# Did I Do A "No-No?" (I messed with Stairway)



## Erick - BVA (Jan 14, 2021)

Polyphonic autotuning


----------



## ilja (Jan 14, 2021)

Erick - BVA said:


> Polyphonic autotuning



Awesome!!


----------



## Erick - BVA (Jan 15, 2021)

ilja said:


> Awesome!!


Thanks, wasn't really sure how this would be received...since well, it's Stairway to Heaven. You can't play it in music stores after all. Because people are sick of it? or because it's "sacred?"
Not sure myself. I personally think it's an overrated song lol


----------



## ilja (Jan 15, 2021)

Erick - BVA said:


> Thanks, wasn't really sure how this would be received...since well, it's Stairway to Heaven. You can't play it in music stores after all. Because people are sick of it? or because it's "sacred?"
> Not sure myself. I personally think it's an overrated song lol


It´s right up my alley. Things shouldn´t be taken so serious, where if not in music we can take all the liberty we want, right? I personally like the song, maybe it´s just a bit overplayed? How did you do this? Melodyne?


----------



## ReleaseCandidate (Jan 15, 2021)

Oh, STH! What's next, the Star Wars theme?
I seriously hoped you tried a rick roll.

No, really, if you want people to listen to your music avoid STH, Smoke on the Water, Smells Like Teen Spirit, Sad But True, Für Elise, BWV 565,...
(Donauwalzer if austrians are nearby)

Btw. that HDR picture is there to upset the rest of humankind?


----------



## Mikro93 (Jan 15, 2021)

Love it!

Let's mess with the idols!

I'd like to know how you did that


----------



## GNP (Jan 15, 2021)

Erick - BVA said:


> Thanks, wasn't really sure how this would be received...since well, it's Stairway to Heaven. You can't play it in music stores after all. Because people are sick of it? or because it's "sacred?"
> Not sure myself. I personally think it's an overrated song lol


Overrated enough for you to fuck with it, lol

Coz if you fucked with a song nobody knows, who cares, right?


----------



## Erick - BVA (Jan 16, 2021)

ReleaseCandidate said:


> Oh, STH! What's next, the Star Wars theme?
> I seriously hoped you tried a rick roll.
> 
> No, really, if you want people to listen to your music avoid STH, Smoke on the Water, Smells Like Teen Spirit, Sad But True, Für Elise, BWV 565,...
> ...


I'm a bit of a troll, so your list made me think I should do this to all of those tracks


----------



## Erick - BVA (Jan 16, 2021)

GNP said:


> Overrated enough for you to fuck with it, lol
> 
> Coz if you fucked with a song nobody knows, who cares, right?

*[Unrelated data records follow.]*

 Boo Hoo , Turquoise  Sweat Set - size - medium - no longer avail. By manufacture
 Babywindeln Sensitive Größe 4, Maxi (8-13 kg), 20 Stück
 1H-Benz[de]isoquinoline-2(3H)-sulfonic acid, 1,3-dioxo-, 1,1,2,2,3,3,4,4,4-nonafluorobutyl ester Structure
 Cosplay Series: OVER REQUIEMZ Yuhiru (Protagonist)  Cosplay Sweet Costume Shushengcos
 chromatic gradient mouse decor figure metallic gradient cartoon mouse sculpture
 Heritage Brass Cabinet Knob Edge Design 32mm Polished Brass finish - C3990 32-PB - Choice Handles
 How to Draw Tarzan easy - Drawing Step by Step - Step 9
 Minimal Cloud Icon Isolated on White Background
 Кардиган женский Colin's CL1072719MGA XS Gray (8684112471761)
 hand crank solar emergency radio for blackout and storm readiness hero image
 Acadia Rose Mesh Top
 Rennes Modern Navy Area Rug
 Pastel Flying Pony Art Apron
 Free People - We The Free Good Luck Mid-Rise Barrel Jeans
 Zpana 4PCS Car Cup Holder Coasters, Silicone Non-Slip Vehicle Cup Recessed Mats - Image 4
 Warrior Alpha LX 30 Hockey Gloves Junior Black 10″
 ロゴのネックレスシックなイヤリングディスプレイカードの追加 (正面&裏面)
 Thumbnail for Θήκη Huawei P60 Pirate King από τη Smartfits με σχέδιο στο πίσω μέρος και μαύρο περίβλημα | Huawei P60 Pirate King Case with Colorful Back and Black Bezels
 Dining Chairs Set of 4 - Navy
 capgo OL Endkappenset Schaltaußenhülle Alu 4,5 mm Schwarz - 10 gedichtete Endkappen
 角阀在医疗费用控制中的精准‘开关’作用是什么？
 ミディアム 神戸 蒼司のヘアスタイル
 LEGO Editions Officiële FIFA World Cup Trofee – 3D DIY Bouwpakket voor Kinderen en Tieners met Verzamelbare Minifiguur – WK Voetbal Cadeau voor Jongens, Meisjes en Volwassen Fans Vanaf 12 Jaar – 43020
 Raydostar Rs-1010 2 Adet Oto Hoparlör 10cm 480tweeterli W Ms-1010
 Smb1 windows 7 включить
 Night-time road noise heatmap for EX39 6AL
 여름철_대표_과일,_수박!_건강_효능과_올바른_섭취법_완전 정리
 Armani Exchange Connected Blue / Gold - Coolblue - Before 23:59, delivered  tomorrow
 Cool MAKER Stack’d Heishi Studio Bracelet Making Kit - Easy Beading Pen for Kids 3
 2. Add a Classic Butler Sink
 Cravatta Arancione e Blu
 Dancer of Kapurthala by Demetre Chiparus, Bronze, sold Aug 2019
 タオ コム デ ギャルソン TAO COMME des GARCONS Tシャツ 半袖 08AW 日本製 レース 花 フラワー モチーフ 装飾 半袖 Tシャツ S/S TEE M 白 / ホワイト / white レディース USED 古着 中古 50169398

I actually really like the song, but it's received this "god like" status where it's untouchable.
Great track, but still overrated in my opinion lol
But I don't hold any rock music as untouchable or sacred. My highschool band covered this at the Maple Syrup festival in Michigan probably 17 years ago. Wish it was recorded because I think we did a decent job.


----------



## Erick - BVA (Jan 16, 2021)

Mikro93 said:


> Love it!
> 
> Let's mess with the idols!
> 
> I'd like to know how you did that


It's a secret... kidding. lol
I'll reply soon with how I did it.


----------



## ReleaseCandidate (Jan 16, 2021)

Erick - BVA said:


> I'm a bit of a troll, so your list made me think I should do this to all of those tracks


I support that!
Add something from Zimmer too, for this forum


----------



## Erick - BVA (Jan 16, 2021)

ilja said:


> It´s right up my alley. Things shouldn´t be taken so serious, where if not in music we can take all the liberty we want, right? I personally like the song, maybe it´s just a bit overplayed? How did you do this? Melodyne?


agreed. Nah, was done with Pitchmap by Zynaptiq. Added some reverb to help mask the artifacts. Not a great tool for polyphonic tuning (even though that's what it's billed as). I'm sure Melodyne would be better? But I don't have Melodyne haha


----------



## Erick - BVA (Jan 16, 2021)

ReleaseCandidate said:


> Oh, STH! What's next, the Star Wars theme?
> I seriously hoped you tried a rick roll.
> 
> No, really, if you want people to listen to your music avoid STH, Smoke on the Water, Smells Like Teen Spirit, Sad But True, Für Elise, BWV 565,...
> ...


I have Austrian heritage. Does that mean I can do Donauwalzer? lol


----------



## PerryD (Jan 17, 2021)

Ha! I have Melodyne Studio and had to try a quick poly re-tune. Seems somehow appropriate for a 2020 Christmas.


----------